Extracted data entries

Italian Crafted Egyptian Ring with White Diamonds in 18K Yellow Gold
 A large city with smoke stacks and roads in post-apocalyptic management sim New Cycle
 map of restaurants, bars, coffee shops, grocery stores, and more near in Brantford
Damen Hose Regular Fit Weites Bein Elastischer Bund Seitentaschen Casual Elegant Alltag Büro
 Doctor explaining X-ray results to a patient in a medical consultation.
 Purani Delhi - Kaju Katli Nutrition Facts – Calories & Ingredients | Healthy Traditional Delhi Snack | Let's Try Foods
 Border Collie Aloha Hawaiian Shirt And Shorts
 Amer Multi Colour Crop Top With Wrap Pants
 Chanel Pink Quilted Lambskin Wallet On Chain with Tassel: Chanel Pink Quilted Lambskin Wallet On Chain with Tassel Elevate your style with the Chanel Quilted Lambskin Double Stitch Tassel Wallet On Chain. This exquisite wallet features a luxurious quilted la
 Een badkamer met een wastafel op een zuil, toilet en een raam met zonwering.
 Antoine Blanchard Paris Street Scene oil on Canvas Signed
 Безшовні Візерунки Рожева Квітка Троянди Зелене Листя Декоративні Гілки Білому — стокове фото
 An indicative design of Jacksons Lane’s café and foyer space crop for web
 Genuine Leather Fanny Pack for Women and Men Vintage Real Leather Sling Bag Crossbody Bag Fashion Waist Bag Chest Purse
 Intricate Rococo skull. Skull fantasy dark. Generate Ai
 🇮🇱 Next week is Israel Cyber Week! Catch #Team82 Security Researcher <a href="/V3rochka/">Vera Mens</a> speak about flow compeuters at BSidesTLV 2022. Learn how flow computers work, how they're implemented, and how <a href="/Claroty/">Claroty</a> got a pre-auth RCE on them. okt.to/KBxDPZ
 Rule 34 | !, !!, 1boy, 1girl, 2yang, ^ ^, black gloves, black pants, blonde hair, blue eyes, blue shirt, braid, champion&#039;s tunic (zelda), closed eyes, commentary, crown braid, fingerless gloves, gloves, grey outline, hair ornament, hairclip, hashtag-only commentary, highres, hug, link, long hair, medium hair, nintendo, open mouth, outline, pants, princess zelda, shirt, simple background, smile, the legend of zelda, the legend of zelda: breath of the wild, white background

TASK ITEM |
Having read the entries, output all of them verbatim.

RESPONSE |
Italian Crafted Egyptian Ring with White Diamonds in 18K Yellow Gold
 A large city with smoke stacks and roads in post-apocalyptic management sim New Cycle
 map of restaurants, bars, coffee shops, grocery stores, and more near in Brantford
Damen Hose Regular Fit Weites Bein Elastischer Bund Seitentaschen Casual Elegant Alltag Büro
 Doctor explaining X-ray results to a patient in a medical consultation.
 Purani Delhi - Kaju Katli Nutrition Facts – Calories & Ingredients | Healthy Traditional Delhi Snack | Let's Try Foods
 Border Collie Aloha Hawaiian Shirt And Shorts
 Amer Multi Colour Crop Top With Wrap Pants
 Chanel Pink Quilted Lambskin Wallet On Chain with Tassel: Chanel Pink Quilted Lambskin Wallet On Chain with Tassel Elevate your style with the Chanel Quilted Lambskin Double Stitch Tassel Wallet On Chain. This exquisite wallet features a luxurious quilted la
 Een badkamer met een wastafel op een zuil, toilet en een raam met zonwering.
 Antoine Blanchard Paris Street Scene oil on Canvas Signed
 Безшовні Візерунки Рожева Квітка Троянди Зелене Листя Декоративні Гілки Білому — стокове фото
 An indicative design of Jacksons Lane’s café and foyer space crop for web
 Genuine Leather Fanny Pack for Women and Men Vintage Real Leather Sling Bag Crossbody Bag Fashion Waist Bag Chest Purse
 Intricate Rococo skull. Skull fantasy dark. Generate Ai
 🇮🇱 Next week is Israel Cyber Week! Catch #Team82 Security Researcher <a href="/V3rochka/">Vera Mens</a> speak about flow compeuters at BSidesTLV 2022. Learn how flow computers work, how they're implemented, and how <a href="/Claroty/">Claroty</a> got a pre-auth RCE on them. okt.to/KBxDPZ
 Rule 34 | !, !!, 1boy, 1girl, 2yang, ^ ^, black gloves, black pants, blonde hair, blue eyes, blue shirt, braid, champion&#039;s tunic (zelda), closed eyes, commentary, crown braid, fingerless gloves, gloves, grey outline, hair ornament, hairclip, hashtag-only commentary, highres, hug, link, long hair, medium hair, nintendo, open mouth, outline, pants, princess zelda, shirt, simple background, smile, the legend of zelda, the legend of zelda: breath of the wild, white background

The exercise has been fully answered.